“…Who can deny that our world is starved for a new understanding of love, of what it means to live together and work at love and not give up?” What is the antidote to romantic love that all too often exhausts itself over night? Might it be to join with a partner in a spiritual search? “Love to . . . awaken us: Body and Soul to a greater unknown.” Further, what is the work which will sustain a love over a lifetime? By searching for the sacred with our lover we might well find the divine within them. Philosopher and teacher Jacob Needleman suggests love can be a reflection of our spiritual being. He asserts that by the time “we are living together something beyond passion is required;” something intentional and conscious is needed.
In The Wisdom of Love, philosopher Jacob Needleman draws wisdom from myth, religion, philosophy and sacred poetry in an exploration of that which brings two people together in love — of what love is, why we need to give it and receive it, and how it can be sustained beyond the passion and mystery that first draws us together.
Jacob Needleman is Professor of Philosophy at San Francisco State University, former Visiting Professor at Duxx Graduate School of Business Leadership in Monterrey, Mexico, and former Director of the Center for the study of New Religions at The Graduate Theological Union in Berkeley, California. He was educated in philosophy at Harvard, Yale and the University of Freiburg, Germany. He has also served as Research Associate at the Rockefeller Institute for Medical Research, as a Research Fellow at Union Theological Seminary, as Adjunct Professor of Medical Ethics at the University of California Medical School and as guest Professor of Religious Studies at the Sorbonne, Paris (1992).
The main idea here is Professor Needleman's concept of "intermediate love". This is the idea that while we are not capable of fully engaging in sustained unconditional love, the closest we can come is to join with someone else in a shared pursuit of it, and recognize that both parties are in the same place of yearning and striving for complete wholeness, but being unable to fully manifest it.
The professor describes how the peak experience of being "in love" gives us a brief glimpse of the best of ourselves, our ability to see the best in other people, and in the world as a whole. In this way, the experience is a generous burst of grace that shows us what we could be capable of as fully-developed images of the Divine. Needleman's deep appreciation of the place that this rare, fleeting gift has in the larger human experience enables him to also gracefully illustrate how it can be a powerful prelude that translates to something deeper, more deliberate, richer, and more sustainable.

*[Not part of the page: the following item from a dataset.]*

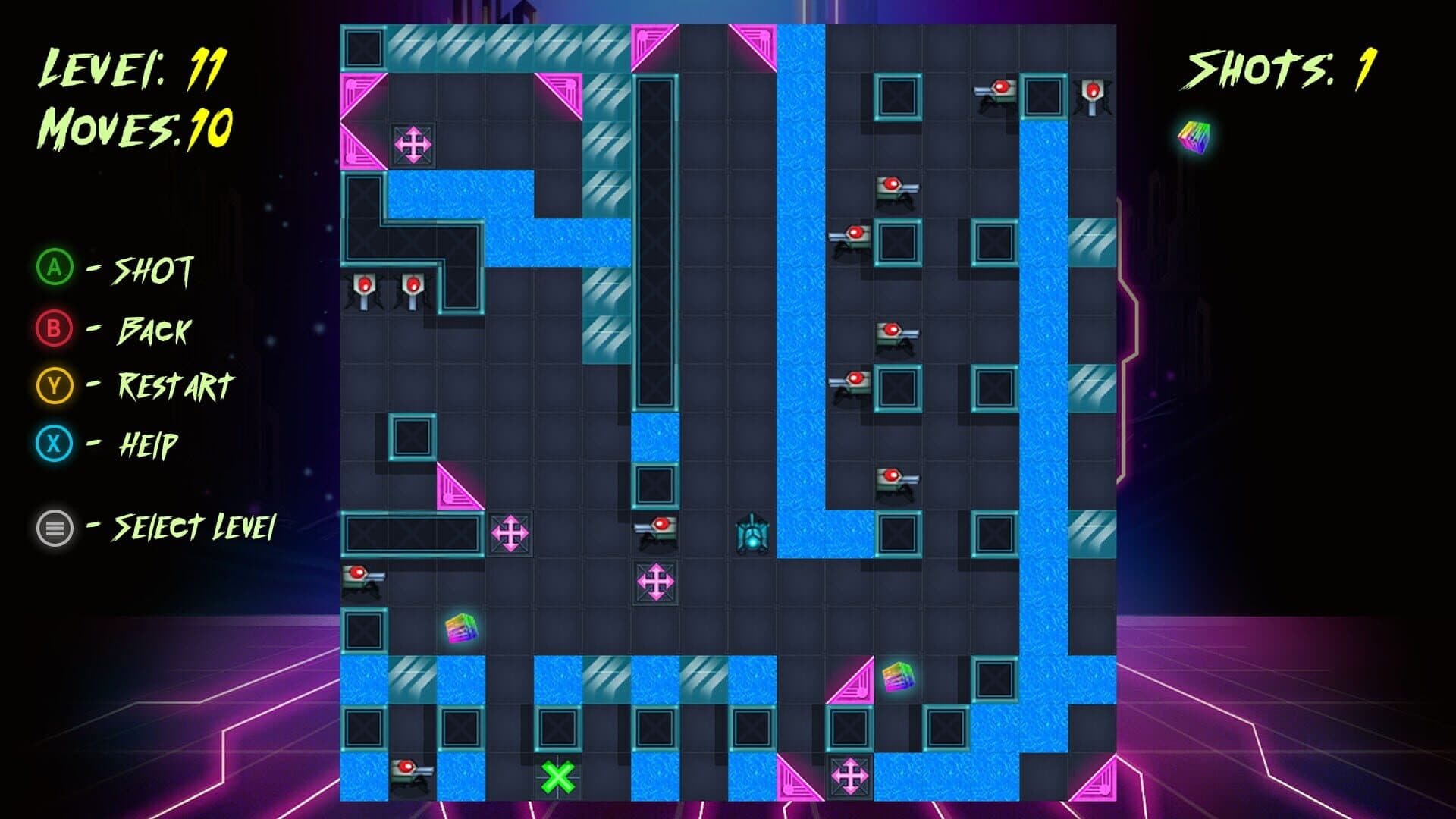 اسکرین‌شات Cyber Tank 2 - 3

I've found that applying the "intermediate love" concepts herein make it easier to have an attitude of understanding towards other people, as well as more patience with myself. The book is also quite sympathetic and soothing to the disappointment of failed relationships... at least the one I had just experienced when reading it. "The Wisdom of Love" seemed perfect for the time and place that it entered my life.
This is a small but powerful book. Well written. It leads the reader through a process that identifies the connection between physical love and spiritual love. It links our human awareness of our search for purpose and identity and our life in this world in relationships. The introduction defines the purpose of the book as: "Amid everything that our culture suggest to us about love, there is a new understanding of what it means to hold love, to sustain love, so that it serves as more than a blazing transient glimpse of happiness; so that it supports the journey toward the birth within ourselves of a new and more authentic humanity". While this is a new understanding it is rooted in ancient traditions, wisdom teachings and religions.
I am a retired Christian minister who is developing a course on love for the church. This book could be a required text for such a course. It speaks about the inner life and our human desire to connect with love as the way of being in the world. In the book he leads us to what he calls an "intermediate love", a union of the physical and the spiritual. And names the fact that our world does not recognize the inner path nor encourage us to seek it. But humanity and relationships can only thrive if we recognize the life that is "holy" is found in the search for and connection to our inner life. It is deeper meaning, not happiness, that human beings are striving for. But we settle for less because we are not familiar with the inner life. This is only discovered through struggle and intention to discover this dimension in us. Through eleven chapters Neddleman guides us to explore the deeper meaning of love and to understand what the practice of loving another is all about. This is a book that I will read again (and again?) so I can better communicate my experience of love as he does so well in this book.